My concern was within restore_dump()... it calls krb5_db_put_principal()
which in turn calls ulog_lock for each record (this was a major performance
hit especially with a database with about a half-million principals). Under
Kerberos 1.10, I found it only took 2-3 minutes to load the database (and
another 2-3 to send it over the wire), but I was seeing inordinately long
load times which I could trace back to the ulog_lock/unlock for every
record. I will have to review the master branch carefully, but if that code
also exists in the master branch, see how long it takes to do a dump/restore
for a database with about 500,000 principals (and compare it with the time
it took under Kerberos 1.10.x).
And I agree with you that I might have introduced the performance issue with
my first patch (when I moved the iproprole setting, which is why I set it to
IPROP_NULL as it was in the original state before I patched it).
I am confused how you say the third patch is broken, as by this point, the
ulog is mapped and I am setting the ulog at the end of the restore. During
the restore, you do not want to be touching the ulog at all (e.g.
IPROP_NULL) because the database being restored is "on the side". Once it is
promoted, one might argue the first thing should be to set it to
IPROP_SLAVE, then set the information, but that is not what was in the code
originally either.
The goal should be not to allow any ulog processing or locking during the
restore (which is to a temp db anyway), and then set the ulog state after
the restore.
I will play around with the master branch (what I supplied was based on the
1.11 branch and empirical testing, but the two branches have deviated enough
at this point).
Show quoted text
-----Original Message-----
From: Greg Hudson via RT [mailto:rt-comment@krbdev.mit.edu]
Sent: Wednesday, August 28, 2013 6:07 PM
To: basch@alum.mit.edu
Subject: [krbdev.mit.edu #7695] krb5-1.11.3/1.10.6 - full resync may fail
and still result in ulog being updated
Please send follow-ups by replying (without quoting) to a message you
receive from rt@krbdev.mit.edu, not by forwarding them to
krbdev@mit.edu. We've been scooping these follow-ups out of the krbdev
moderation queue and appending them to the ticket.

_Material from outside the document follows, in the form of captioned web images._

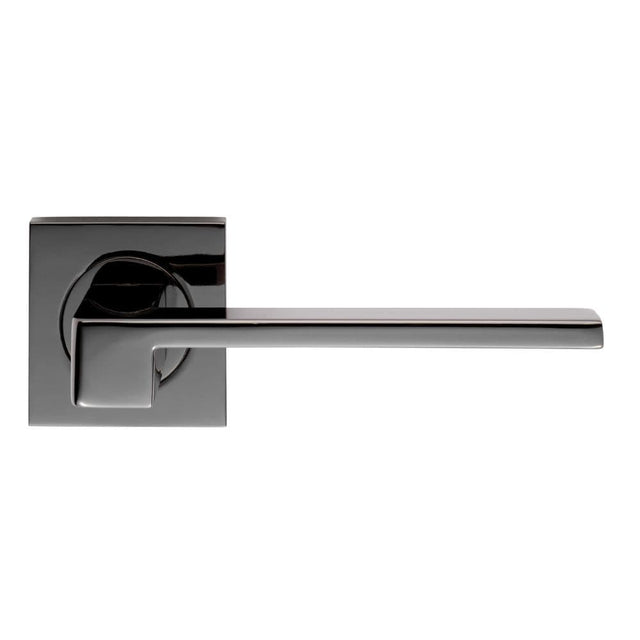 Serozzetta Door Furniture Black Nickel / Square Rose Serozzetta - Equi Lever on Square Rose - Black Nickel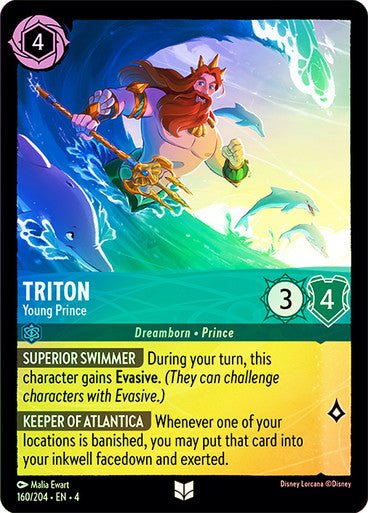 Triton - Young Prince ( Cold Foil ) | Ravesburger - Con T de Tlacuache - Ravensburger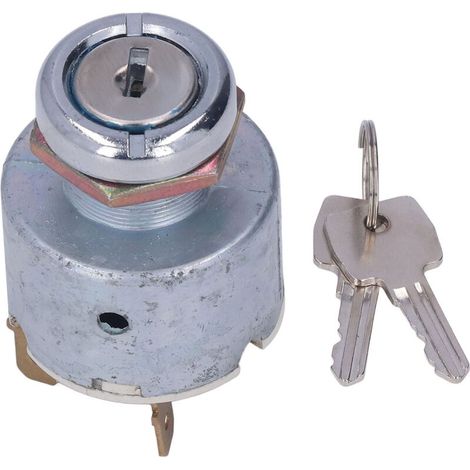 Interrupteur d'allumage universel 12V DC 3 bornes pour voiture et camion avec 2 clés (1/5)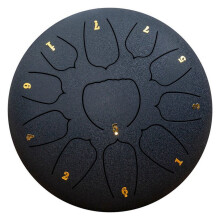 Navy Blue Rain Drum 10 Inch 11-Tone Outdoor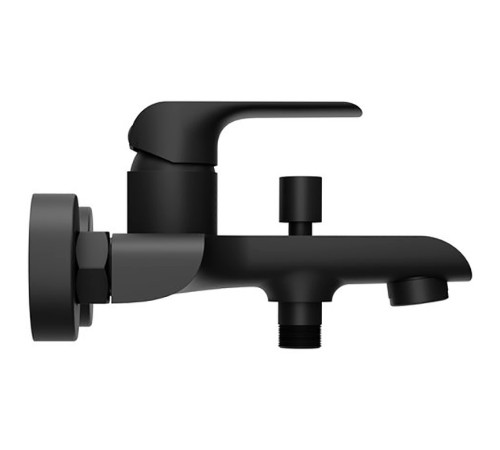 Смеситель для ванны Ravak Flat FL 022.20/150 черный X070175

I believe the performance problem you noted was actually introduced by
your first patch. If you look at the code you moved in that patch,
you'll see that one of the things it does is set log_ctx->iproprole =
IPROP_NULL before restore_dump(). The other part of the third patch
should be unnecessary, because ulog_lock() does nothing if iproprole is
IPROP_NULL.
Your third patch also seems broken, in that setting log_ctx->iproprole =
IPROP_NULL before restore_dump() will prevent the ulog from being
updated afterwards. On master
(
https://github.com/krb5/krb5/commit/825fa2be6f119677a09acccb109ab976cfc601f8) I worked around this by setting iproprole to IPROP_SLAVE instead
of IPROP_NULL, but that only works because in master, kdb5.c only calls
ulog_lock() if iproprole is IPROP_MASTER.